Israel Joshua Singer non ci racconta lo sterminio, perché ancora non lo conosceva – del resto egli morirà prima della fine della guerra. Racconta invece i sogni d’integrazione di David Karnovski e di suo figlio Georg – «tedesco tra i tedeschi» prima ancora che «ebreo tra gli ebrei», il loro progressivo e sempre più entusiastico assimilarsi nella società circostante, il loro spasmodico desiderio di diventare «eguali». Poi tocca a Jegor, figlio di padre ebreo e madre ariana, che viene al mondo nella Germania nazista.

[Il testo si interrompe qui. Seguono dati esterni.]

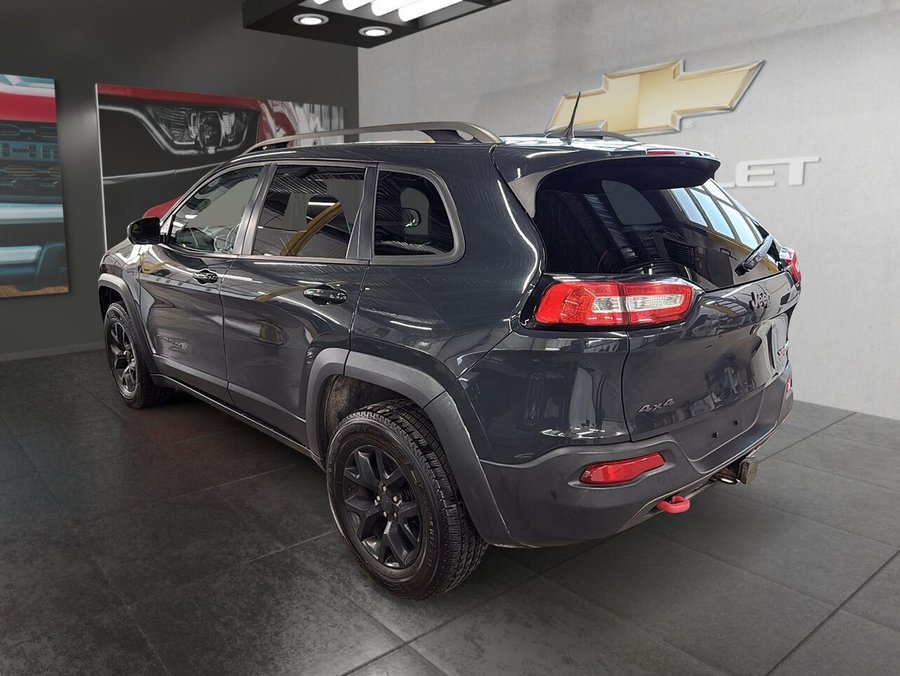 JEEP CHEROKEE + TRAILHAWK 4WD + GARANTIE DISPONIBLE 1-2-3 CHANCE AU CREDIT ! 2016 Gris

Israel Joshua Singer non ha mai conosciuto Auschwitz, non ha mai dovuto confrontarsi con quella tremenda verità che nel 1945 svelarono quei cancelli. Forse non gli è mai venuto in mente, come invece toccherà a suo fratello, di trovarsi a narrare un mondo che non esisteva più. Non ha mai provato a immaginare l’estinzione brutale della lingua in cui scriveva, lo yiddish annientato nei forni crematori. Eppure questo romanzo dai ritmi cadenzati che, con le sue finestre su un mondo ebraico complesso e carico di grandi sfide, molto argomenta oltre a raccontare, sembra già adombrare tutto quello che di lì a poco si vedrà, si saprà. Questa consapevolezza a posteriori lo rende una lettura non di rado scioccante: viene da prendersi la testa fra le mani. E si precipita in quel purgatorio di paura e incredulità, di preoccupazione e sgomento, che precedette le certezze. Le terribili scoperte di dopo la guerra. In fondo, un po’ ce le spiega anche, queste terribili scoperte: perché da quella sete di assimilazione dei Karnovski, da quel loro irrefrenabile desiderio di «diventare come gli altri», trapela anche l’evidenza del fallimento. È una storia, insomma, che va contro se stessa, fin quando non esplode. Ma Israel Joshua Singer, fratello maggiore di Isaac Bashevis, morto d’infarto nel 1944, non poté mai saperlo fino in fondo.